A Igreja Católica italiana apresenta em
sua história uma contradição fecunda. Por um lado há a presença forte do
Vaticano, representando a Igreja oficial com sua massa de fiéis mantidos
sob vigilante controle social pelas doutrinas e especialmente pela moral
familiar e sexual. Por outro, há a presença de cristãos leigos e leigas
não alinhados, resistentes ao poder monárquico e implacável da
burocracia da Cúria romana mas abertos ao evangelho e aos valores
cristãos sem romper com o Papado embora críticos de suas práticas e do
apoio que dá a regimes conservadores e até autoritários.
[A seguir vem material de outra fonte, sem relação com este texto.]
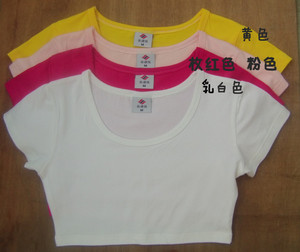 包邮短款常规袖内搭圆领女t恤大码莱卡棉半截背心女打底衫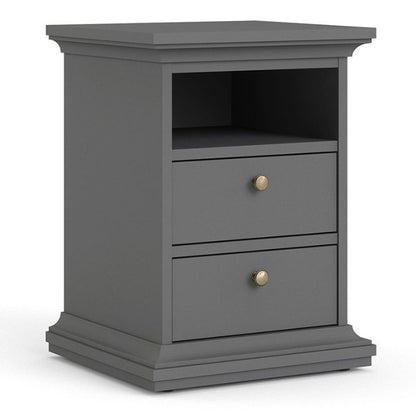 Furniture To Go Paris Package - Bedside 2 Drawers in + Chest of 4 Drawers + Wardrobe with 2 Doors Matte Grey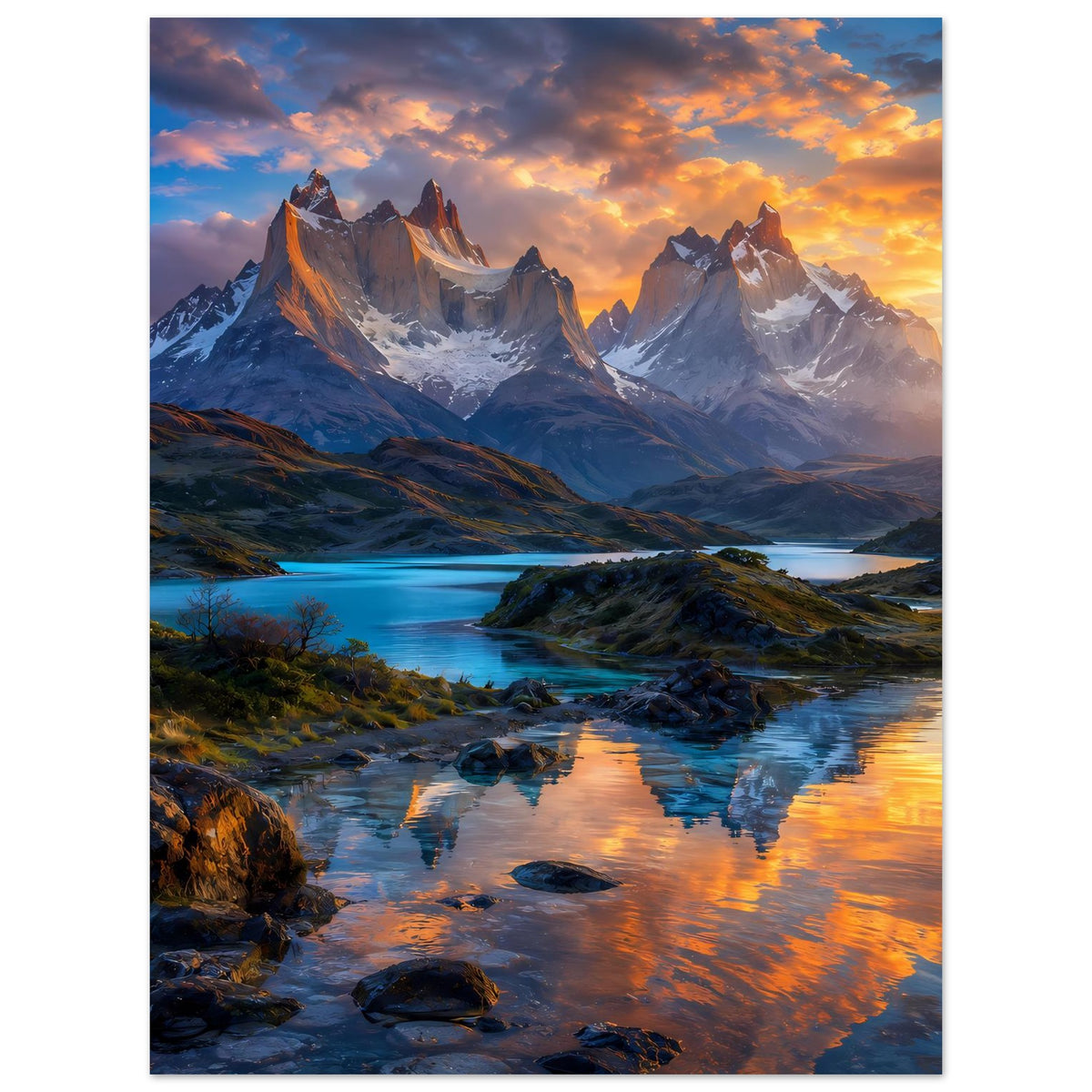 Wandposter mit Berglandschaft bei Sonnenuntergang, See, Felsen und spiegelndem Flusslauf.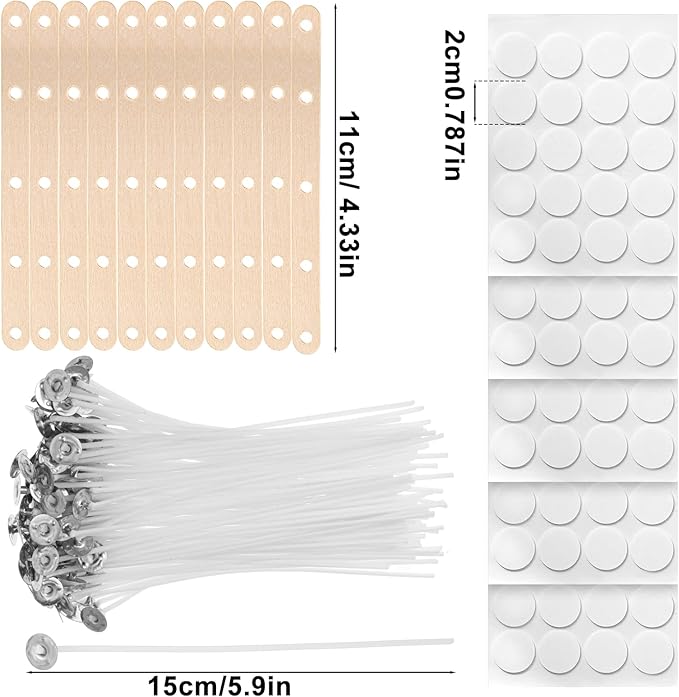Candle Wicks for Candle Making - 100 Pcs Candles Wicks with 100 Pcs Wick Stickers and 10 Candles Wick Holders, Perfect for Soy Wax, Beeswax, and More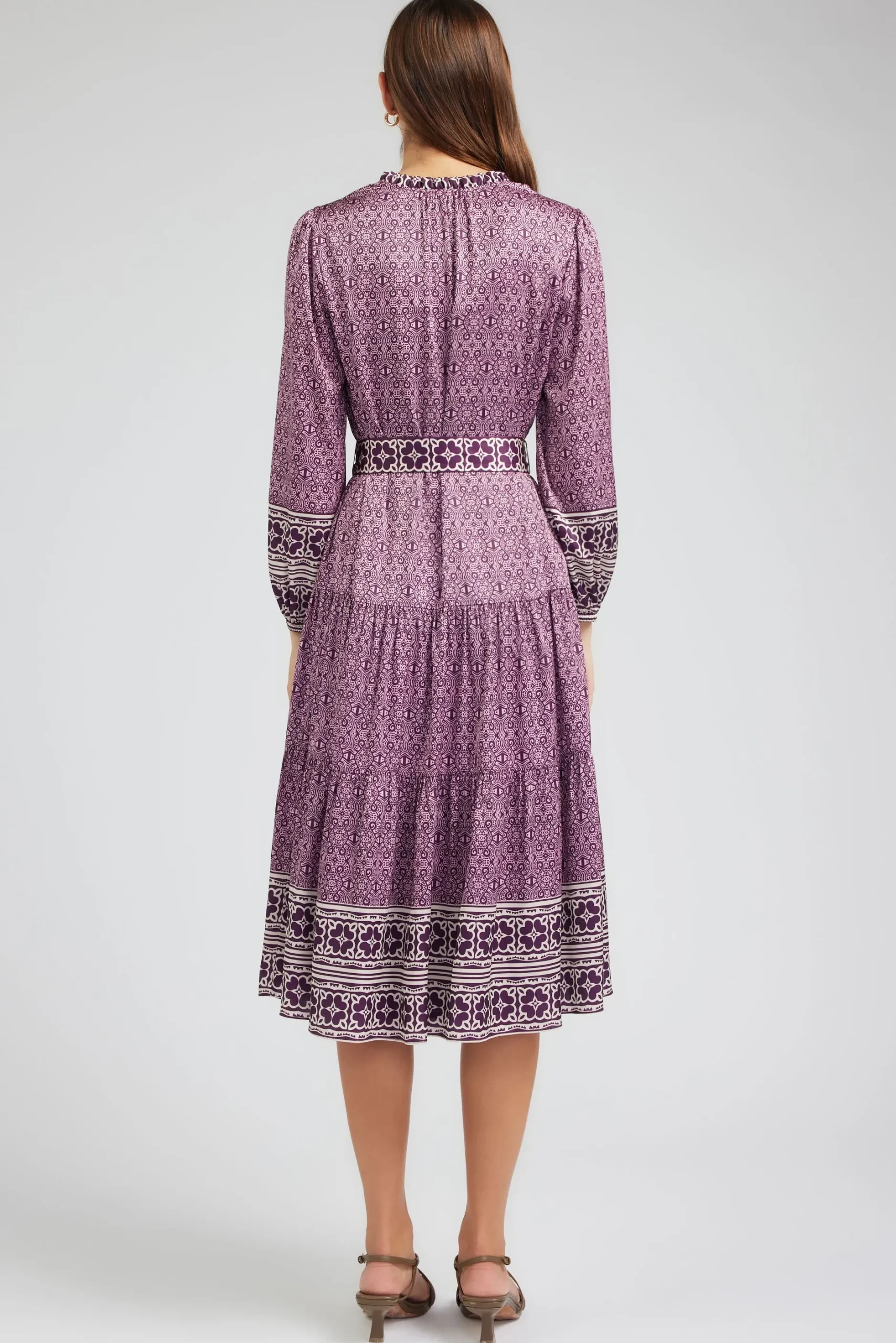 Maxi Dresses|Midi Dresses-Current Air Geo Printed Belted Midi Dress PURPLEMLT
Assim temos a figura de Antônio Rosmini no século XIX, fino filósofo e
crítico do antimodernismo dos Papas. Modernamente identificamos figuras
como Mazzolari, Raniero La Valle, Arturo Paoli, a eremita Maria Campello.
Entre todos destaca-se Adriana Zarri, eremita, teóloga, poetisa e exímia
escritora. Além de vários livros, escrevia semanalmente no diário Il
Manifesto e quinzenalmente na revista de cultura Rocca.
Era duríssima contra o atual curso da Igreja sob os Papas Wojtyla e
Ratzinger a quem acusava diretamente de trair os intentos de reforma
provados pelo Concílio Vaticano II (1962-1965) e voltar a um modelo
medieval de exercício de poder e de presença da Igreja na sociedade.
Veio a falecer no dia 18 de novembro de 2010 com mais de 90 anos.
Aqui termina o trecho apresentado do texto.